── INFORMATION PROVIDED
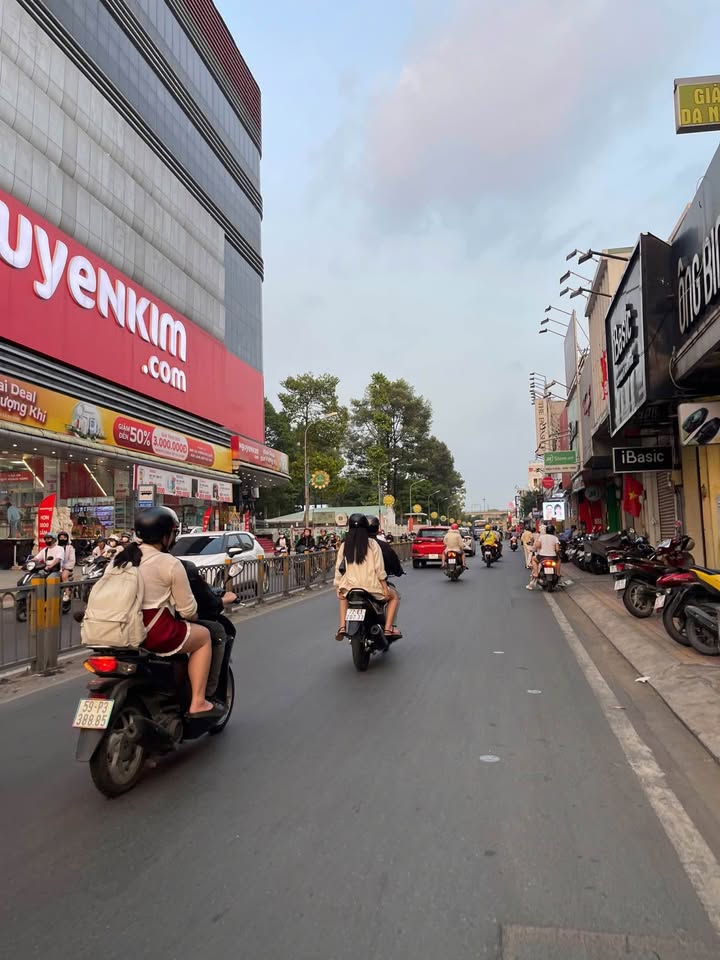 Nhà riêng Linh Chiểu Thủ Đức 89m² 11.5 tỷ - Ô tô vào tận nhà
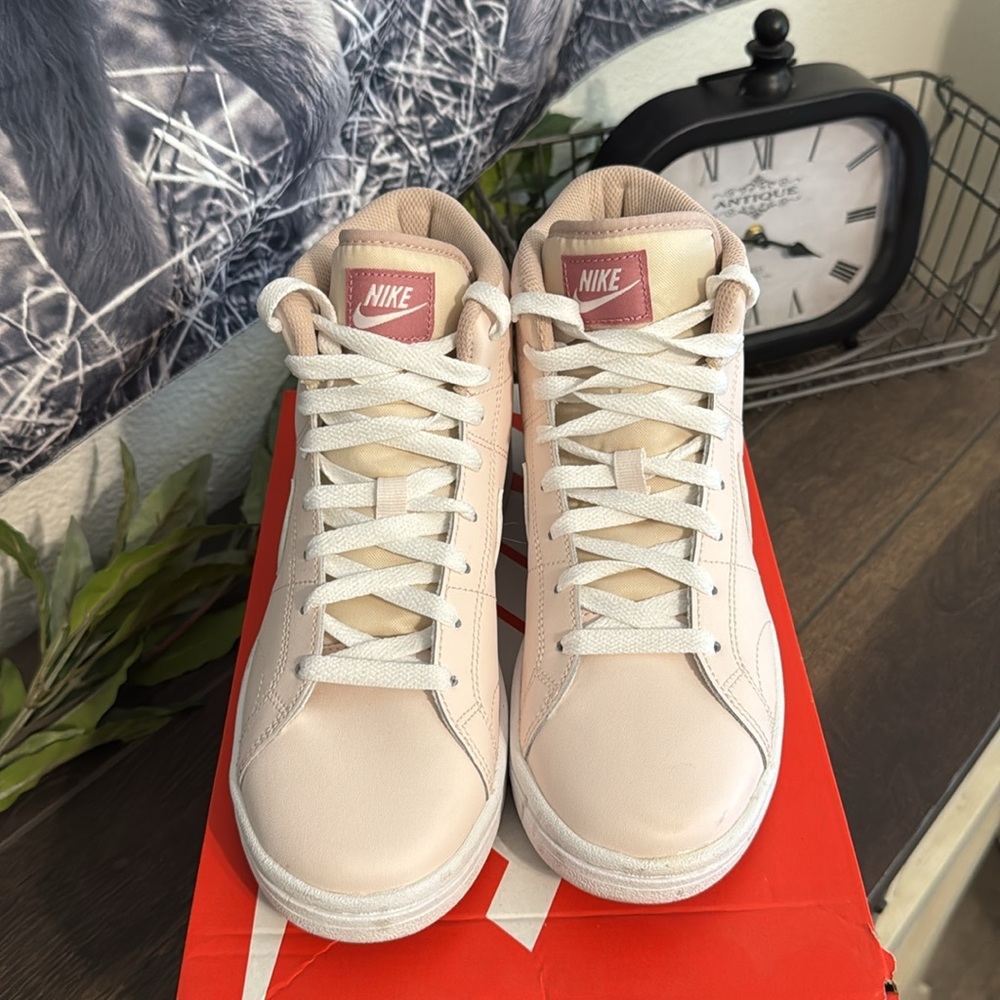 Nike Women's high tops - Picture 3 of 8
────
── INFORMATION PROVIDED
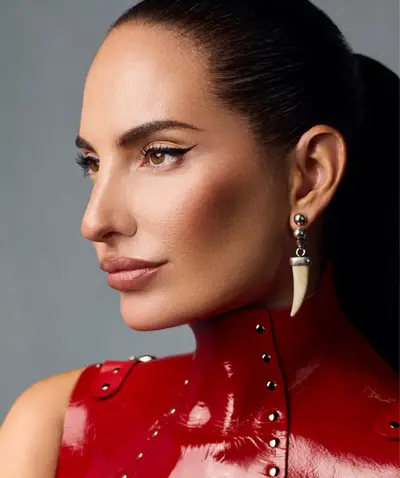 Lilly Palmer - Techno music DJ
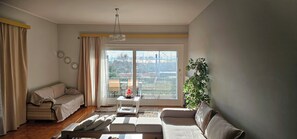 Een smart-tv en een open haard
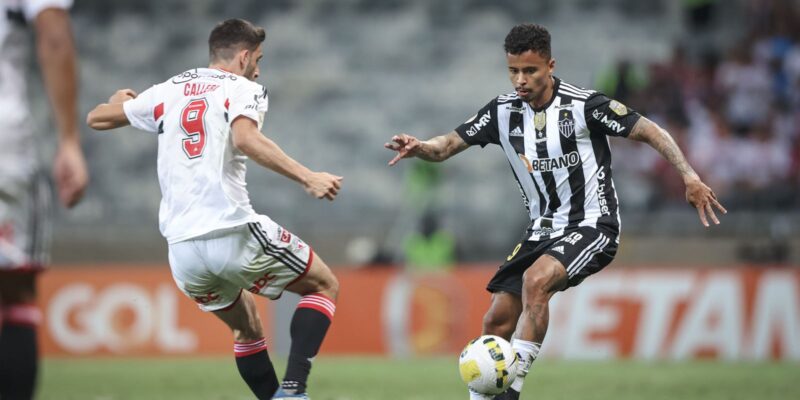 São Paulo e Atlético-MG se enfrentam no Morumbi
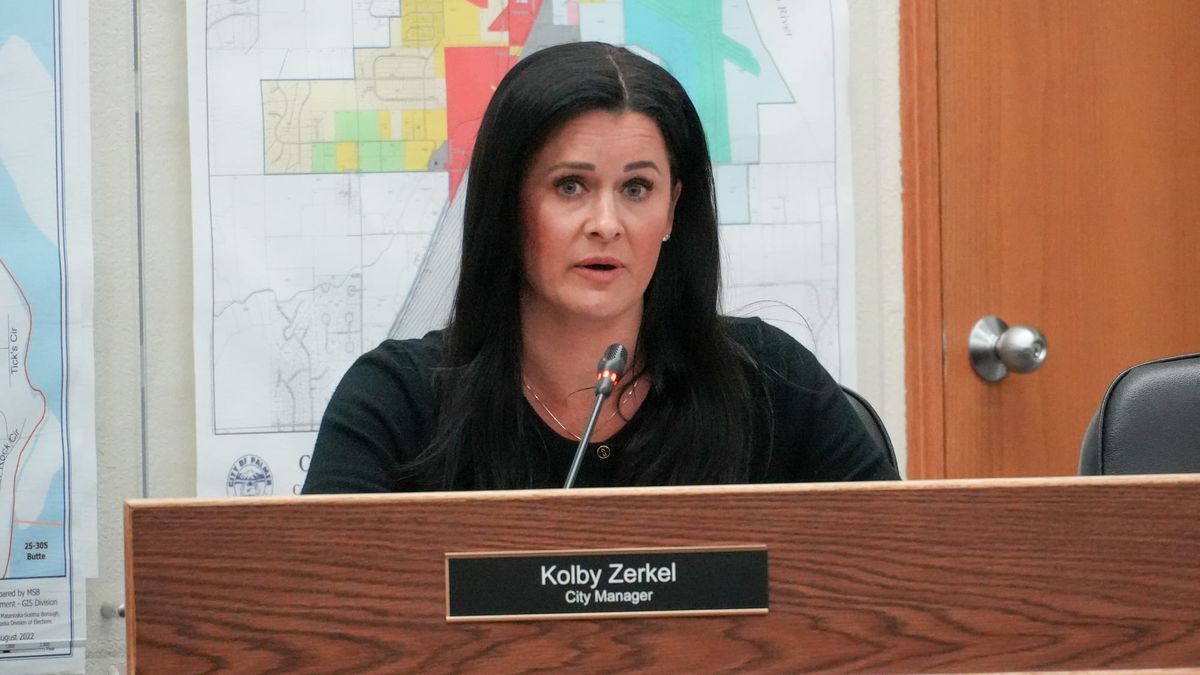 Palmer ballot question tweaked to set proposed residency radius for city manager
────
TASK REQUIREMENTS:
Extract from the material above the stretch running from the line containing "Een smart-tv en een open haard" through the line containing "Palmer ballot question". Keep the text exact and the pictures out.

REPLY TO THE EXERCISE:
 Een smart-tv en een open haard
 São Paulo e Atlético-MG se enfrentam no Morumbi
 Palmer ballot question tweaked to set proposed residency radius for city manager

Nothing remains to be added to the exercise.